# Black and white backgrounds to first 10 ppl



## BettasAreBomb (Feb 14, 2011)

Hey all i will give your fishie a black and white back ground all you have to do is send me the pic! but only to the first 10 or 15. it takes me about 10-20 min depending on the shot!
Example:


----------



## Abby (Jan 13, 2011)

OH OH ME ME ME! *runs to get pictures*


----------



## Abby (Jan 13, 2011)

Heh heh go nuts you can do which ever ones you want


----------



## cjayBetta (Jan 18, 2011)




----------



## BettasAreBomb (Feb 14, 2011)

heare you go abby sorry it took so long :-D your crown tail was hard


----------



## BettasAreBomb (Feb 14, 2011)

here you go cjaybetta :-D


----------



## cjayBetta (Jan 18, 2011)

Ooo thx!


----------



## BettasAreBomb (Feb 14, 2011)

all right I'm up for doing 5 or 6 more


----------



## cjayBetta (Jan 18, 2011)

Bettasarebomb post a pic of your fav betta here:http://www.bettafish.com/showthread.php?t=63054 and I will draw him for you in return


----------



## Abby (Jan 13, 2011)

HAHA AWESOME theres two crown tails


----------



## BettasAreBomb (Feb 14, 2011)

o ya sory the white one was hard but you red one since it wasn't flashing had a ton of little pokets of color so it took a while :-D


----------



## monroe0704 (Nov 17, 2010)

Here's my new boy that just came today. LOVE his colors, so a black and white background would make him pop more


----------



## BettasAreBomb (Feb 14, 2011)

wow you were right this is a beautiful female (correct me if im wrong)


----------



## monroe0704 (Nov 17, 2010)

BettasAreBomb said:


> wow you were right this is a beautiful female (correct me if im wrong)

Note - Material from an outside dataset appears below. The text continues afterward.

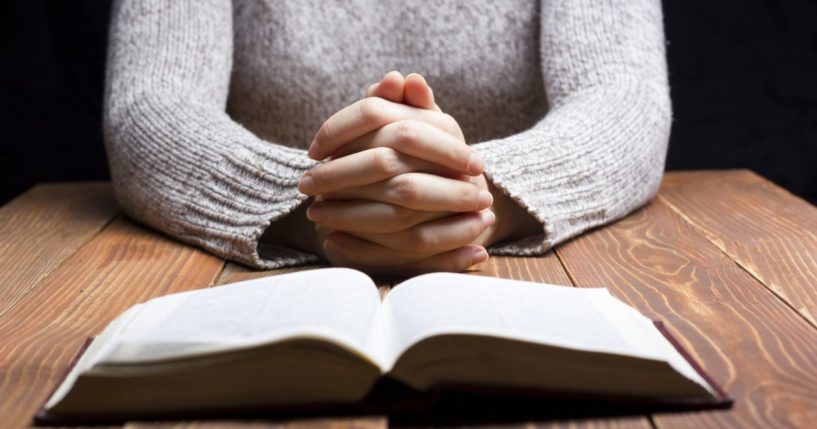 A woman prays in the above stock image.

Honest mistake  It's a plakat male!

Edit: I forgot to say thanks! It looks so great!


----------



## BettasAreBomb (Feb 14, 2011)

o ok im new to this whole betta thing im only on my first and i want more


----------



## Duncan13 (Nov 7, 2010)

Can you please do her for me? Thankss.


----------



## tsoto80 (Nov 26, 2010)

Can you do this one of mine?


----------



## BettasAreBomb (Feb 14, 2011)

Hey all im on my ipod right now i MIGHT get to it later tonight but idk so i will get to it asap! Ok


----------



## BettasAreBomb (Feb 14, 2011)

there isn't much difference because it was mostly black and white anyway but here you go. i brightened her colors a bit if you don't like it then tellme and i will change it back :-D


----------



## BettasAreBomb (Feb 14, 2011)

this one took me a while mostly cause of the shot it was interesting but here he is :-D


----------



## baylee767 (Nov 5, 2010)

You're so fast with these... Here's a pic I love. It's from when he was still in his smaller tank, but it's still awesome! And black and white might cover up the ugly neon plants Lol.


----------



## Duncan13 (Nov 7, 2010)

Thats really pretty, thanks!


----------



## BettasAreBomb (Feb 14, 2011)

Hey baylee the pic didn't post so can you redo it?


----------



## monroe0704 (Nov 17, 2010)

Could you do another of mine??  I'm in love w my new boy and your b&w backgrounds make him shine! If yes, I'd like this pic

http://m.flickr.com/photos/[email protected]/5457177753/

Hmm I dunno how to get the image here on my iPhone... Hope the link works!


----------



## baylee767 (Nov 5, 2010)

Huh I can see it, but I guess you can't so here's the URL

http://www.bettafish.com/album.php?albumid=1394&pictureid=10798


----------



## BettasAreBomb (Feb 14, 2011)

Here you go it looks a little funny cause the wood in the back ground is really bright but it looks pretty cool. you got a cool fishie on your hands


----------



## BettasAreBomb (Feb 14, 2011)

here you go Baylee767 sory took a while got confused :-D


----------



## baylee767 (Nov 5, 2010)

No problem! And yay, his ugly silk plants look real!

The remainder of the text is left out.